Evaluation of classification models on unbalanced production data

Taming production data disbalance on classification models comparison

Published in

Bumble Tech

11 min readJan 13, 2022

When it comes to benchmarking machine learning models, the reliability of the analysis plays the most important role. To draw the right conclusions, not only do the right metrics need to be selected but also the test dataset distribution needs to be class-balanced as well as represent the real production load.

Here at Bumble Inc — the parent company of Bumble and Badoo, two of the world’s highest-grossing dating apps with millions of users worldwide — in terms of safety moderation, we realised that an analysis of the photo distribution in production was not going to give us the desired insights we wanted because the data is very unbalanced.

In the light of this, we added an artificial bias to our testing dataset and it helped us to reach conclusions that were far from obvious. We conducted an interesting comparative analysis between our internal photo moderation models and those of third-party providers. In this post, we will cover the methodology we used.

Where did the task come from?

Our mission is to create a world where all relationships are healthy and equitable. Therefore, user safety is our highest priority. We are constantly striving to improve our controls and processes around user safety. Along with photo moderation, we also use information from text data to help improve user safety. We have implemented a rude-message detector in one of our apps. Find out more about that here.

A massive number of profile photos are uploaded to the platforms every single day, and we are keen to make the content as safe as possible. Currently, profile photos uploaded to the app undergo a two-step moderation process. The first one is automatic moderation based on various computer vision models, and the second is manual moderation. The photos that fail to pass automatic moderation and therefore are potentially unsafe, are sent for manual moderation.

Given how sensitive the task is, human moderation is very thorough and time-consuming, that is why we wanted to automate as much of the moderation as possible whilst keeping it high quality. We are focused on improving our photo moderation algorithms, and that is the reason why we are not only improving the models we built in-house — but we are also trying to leverage open-source frameworks and various third-party models.

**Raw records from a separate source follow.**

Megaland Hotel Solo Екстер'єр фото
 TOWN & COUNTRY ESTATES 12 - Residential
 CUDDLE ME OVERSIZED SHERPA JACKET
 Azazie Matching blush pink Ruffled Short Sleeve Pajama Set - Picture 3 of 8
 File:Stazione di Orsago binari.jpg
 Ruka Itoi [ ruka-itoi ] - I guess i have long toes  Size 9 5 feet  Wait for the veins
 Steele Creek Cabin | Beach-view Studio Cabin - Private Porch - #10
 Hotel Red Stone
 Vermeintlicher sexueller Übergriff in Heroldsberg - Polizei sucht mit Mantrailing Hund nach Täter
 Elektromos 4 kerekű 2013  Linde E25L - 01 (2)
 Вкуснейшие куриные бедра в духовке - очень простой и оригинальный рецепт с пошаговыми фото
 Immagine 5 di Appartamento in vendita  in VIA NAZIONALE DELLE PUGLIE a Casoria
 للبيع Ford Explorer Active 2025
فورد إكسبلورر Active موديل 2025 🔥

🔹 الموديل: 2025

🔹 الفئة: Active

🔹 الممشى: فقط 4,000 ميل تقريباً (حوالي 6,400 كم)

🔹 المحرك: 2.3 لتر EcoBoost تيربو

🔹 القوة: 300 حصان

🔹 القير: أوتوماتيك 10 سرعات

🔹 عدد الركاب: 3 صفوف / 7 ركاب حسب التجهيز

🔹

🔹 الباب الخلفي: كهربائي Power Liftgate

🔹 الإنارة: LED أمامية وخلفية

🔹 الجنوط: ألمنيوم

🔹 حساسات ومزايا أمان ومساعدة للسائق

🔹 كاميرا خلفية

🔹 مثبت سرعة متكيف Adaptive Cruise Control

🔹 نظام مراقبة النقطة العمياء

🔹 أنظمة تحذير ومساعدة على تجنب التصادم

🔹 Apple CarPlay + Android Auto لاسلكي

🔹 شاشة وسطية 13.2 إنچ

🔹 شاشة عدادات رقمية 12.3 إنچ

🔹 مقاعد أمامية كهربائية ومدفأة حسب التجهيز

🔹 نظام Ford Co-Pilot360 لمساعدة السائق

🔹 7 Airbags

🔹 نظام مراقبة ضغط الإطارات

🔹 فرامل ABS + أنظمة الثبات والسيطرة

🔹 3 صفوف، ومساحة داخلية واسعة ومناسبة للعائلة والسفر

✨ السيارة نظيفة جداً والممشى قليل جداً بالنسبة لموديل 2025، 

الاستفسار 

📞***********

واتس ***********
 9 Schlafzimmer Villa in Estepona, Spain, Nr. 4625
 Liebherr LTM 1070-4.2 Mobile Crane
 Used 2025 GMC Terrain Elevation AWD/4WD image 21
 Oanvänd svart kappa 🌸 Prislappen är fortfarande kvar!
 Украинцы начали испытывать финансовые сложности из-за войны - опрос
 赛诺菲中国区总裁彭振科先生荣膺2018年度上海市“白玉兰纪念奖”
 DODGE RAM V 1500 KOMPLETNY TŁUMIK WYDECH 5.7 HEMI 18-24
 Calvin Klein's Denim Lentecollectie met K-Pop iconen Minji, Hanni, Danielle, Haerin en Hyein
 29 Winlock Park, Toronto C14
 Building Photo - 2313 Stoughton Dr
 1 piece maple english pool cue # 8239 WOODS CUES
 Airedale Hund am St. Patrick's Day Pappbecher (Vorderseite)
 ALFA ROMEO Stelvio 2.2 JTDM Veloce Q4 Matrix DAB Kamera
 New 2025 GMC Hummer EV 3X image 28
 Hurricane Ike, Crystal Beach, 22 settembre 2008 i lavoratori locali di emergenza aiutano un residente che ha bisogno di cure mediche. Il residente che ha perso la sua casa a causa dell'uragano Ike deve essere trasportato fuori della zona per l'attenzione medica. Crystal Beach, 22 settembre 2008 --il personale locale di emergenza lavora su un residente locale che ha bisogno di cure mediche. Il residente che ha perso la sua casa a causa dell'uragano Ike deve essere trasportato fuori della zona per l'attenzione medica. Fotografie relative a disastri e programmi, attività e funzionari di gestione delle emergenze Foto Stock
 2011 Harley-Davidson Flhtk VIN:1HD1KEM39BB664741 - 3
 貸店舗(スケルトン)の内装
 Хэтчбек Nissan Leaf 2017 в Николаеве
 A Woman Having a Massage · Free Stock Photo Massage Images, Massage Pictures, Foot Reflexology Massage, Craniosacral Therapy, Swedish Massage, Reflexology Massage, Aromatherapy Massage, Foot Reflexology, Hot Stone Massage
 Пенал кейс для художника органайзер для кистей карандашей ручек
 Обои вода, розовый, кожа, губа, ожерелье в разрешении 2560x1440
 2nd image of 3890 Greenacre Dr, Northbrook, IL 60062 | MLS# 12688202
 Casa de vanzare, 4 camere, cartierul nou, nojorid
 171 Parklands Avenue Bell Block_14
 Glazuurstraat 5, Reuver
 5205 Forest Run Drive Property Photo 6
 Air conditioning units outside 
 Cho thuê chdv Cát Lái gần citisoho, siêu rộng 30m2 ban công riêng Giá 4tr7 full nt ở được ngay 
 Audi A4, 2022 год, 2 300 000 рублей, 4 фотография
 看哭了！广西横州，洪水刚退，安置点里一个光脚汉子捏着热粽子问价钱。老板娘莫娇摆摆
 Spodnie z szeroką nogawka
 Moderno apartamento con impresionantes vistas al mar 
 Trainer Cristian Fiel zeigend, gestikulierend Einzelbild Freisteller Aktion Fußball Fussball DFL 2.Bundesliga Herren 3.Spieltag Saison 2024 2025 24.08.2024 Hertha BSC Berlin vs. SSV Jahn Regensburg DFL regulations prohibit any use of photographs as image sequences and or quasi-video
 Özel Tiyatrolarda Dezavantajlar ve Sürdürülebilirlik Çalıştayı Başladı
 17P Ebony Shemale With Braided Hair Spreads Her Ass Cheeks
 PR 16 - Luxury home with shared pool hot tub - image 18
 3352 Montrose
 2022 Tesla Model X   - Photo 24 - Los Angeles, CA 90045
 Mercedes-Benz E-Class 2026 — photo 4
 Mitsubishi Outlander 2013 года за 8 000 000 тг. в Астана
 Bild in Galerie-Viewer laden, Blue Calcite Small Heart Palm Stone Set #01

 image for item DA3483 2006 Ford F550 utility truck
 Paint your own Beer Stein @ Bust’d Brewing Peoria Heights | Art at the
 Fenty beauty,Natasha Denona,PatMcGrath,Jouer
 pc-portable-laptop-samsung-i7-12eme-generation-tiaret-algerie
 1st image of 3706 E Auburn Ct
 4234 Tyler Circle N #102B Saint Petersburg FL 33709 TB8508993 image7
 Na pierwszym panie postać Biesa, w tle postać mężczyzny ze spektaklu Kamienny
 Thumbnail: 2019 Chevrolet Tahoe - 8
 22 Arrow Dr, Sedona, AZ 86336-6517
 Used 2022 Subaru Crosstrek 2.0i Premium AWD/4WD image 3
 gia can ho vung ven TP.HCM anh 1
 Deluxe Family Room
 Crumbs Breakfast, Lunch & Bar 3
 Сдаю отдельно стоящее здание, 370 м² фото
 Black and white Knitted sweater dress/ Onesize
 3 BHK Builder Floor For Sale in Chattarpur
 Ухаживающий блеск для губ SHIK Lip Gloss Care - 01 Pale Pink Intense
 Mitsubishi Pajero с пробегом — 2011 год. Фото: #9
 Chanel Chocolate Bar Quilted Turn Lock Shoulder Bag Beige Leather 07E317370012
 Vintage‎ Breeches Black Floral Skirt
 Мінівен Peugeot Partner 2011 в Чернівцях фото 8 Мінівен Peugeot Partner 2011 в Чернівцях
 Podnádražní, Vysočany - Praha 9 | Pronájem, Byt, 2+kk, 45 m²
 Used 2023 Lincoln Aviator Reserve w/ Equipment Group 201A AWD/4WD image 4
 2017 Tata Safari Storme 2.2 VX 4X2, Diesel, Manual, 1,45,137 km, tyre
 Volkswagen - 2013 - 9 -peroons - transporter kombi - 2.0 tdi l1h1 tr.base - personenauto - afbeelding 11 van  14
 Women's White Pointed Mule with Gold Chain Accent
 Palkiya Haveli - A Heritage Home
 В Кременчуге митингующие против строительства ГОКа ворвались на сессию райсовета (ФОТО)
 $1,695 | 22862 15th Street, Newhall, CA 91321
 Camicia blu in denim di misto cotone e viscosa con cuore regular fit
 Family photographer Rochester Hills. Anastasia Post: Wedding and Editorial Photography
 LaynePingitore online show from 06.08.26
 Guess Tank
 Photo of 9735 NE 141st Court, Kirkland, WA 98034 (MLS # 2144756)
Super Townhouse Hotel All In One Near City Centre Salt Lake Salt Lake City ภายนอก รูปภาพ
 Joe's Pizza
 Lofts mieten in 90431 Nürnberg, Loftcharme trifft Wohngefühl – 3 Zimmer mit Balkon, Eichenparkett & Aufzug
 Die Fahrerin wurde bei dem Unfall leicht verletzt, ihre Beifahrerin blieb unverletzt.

Unbalanced production data and how to deal with it

Class balance is a common problem for both training and validation of the model. A production distribution of samples is rarely uniform. A lot of common tasks like fraud detection, spam filtering, and anomaly detection have a class balance lower than 1:100. And the problem of class balance becomes even more severe when you have limited model capacity or staging environment limitations. For example, having 10,000 available requests for a dataset with a 1:100 class distribution makes quality assessment almost impossible, since 100 cases of a minor class might be very specific and will not generalise to the production distribution. To prepare a solid model quality comparison with these limitations, metrics should be chosen carefully, and the dataset collected smartly.

Common metrics for comparing classification models

Here follows a brief description of the most popular metrics which are used for comparing classification models and for quality assessment. We will return to the example of a model that outputs the probability of a photo being unsafe. A probability above a certain threshold indicates the photo might be unsafe.

Confusion matrix

The confusion matrix represents all possible classification cases. Leveraging it for the photo moderation task:

True Negative (TN) — when both model and moderator decided that the photo is safe.
False Negative (FN) — when the model decided that the photo is safe, while in reality, it is not (based on the moderator decision).
True Positive (TP) — when both model and moderator agreed that the photo is unsafe.
False Positive (FP) — when the model decided that the photo is unsafe, while actually, it is safe (based on the moderator decision).

The main advantage of using a confusion matrix is that we can measure the specific algorithm outcome and easily transfer it to the production load. For example, if we’re going to automate all the safety moderation, the FN part of the matrix will show us how many unsafe photos will be passed to the platform and FP will represent the number of unnecessary moderations. Moreover, with these metrics, we can easily estimate moderation costs. For instance, if the model performs well on negative cases (TN+FN with a low FN), and we have decided not to apply manual moderation for them, we can calculate how many moderators we will need to handle all the positive (TP+FP) cases.

Model threshold dependency could be considered as a main disadvantage of the confusion matrix in terms of model benchmarking. We would have N confusion matrices for the N thresholds we are testing, which increases the complexity of the analysis. To provide comprehensive and more digestible insights, the confusion matrix elements are usually combined to generate aggregated measures. The most common metrics based on a combination of confusion matrix outputs are — Accuracy, Precision, Recall and F-score

Accuracy, Precision, Recall, F-score

Accuracy, precision, recall, and F-score are the combinations of the confusion matrix output, which represents the specific bias of the model.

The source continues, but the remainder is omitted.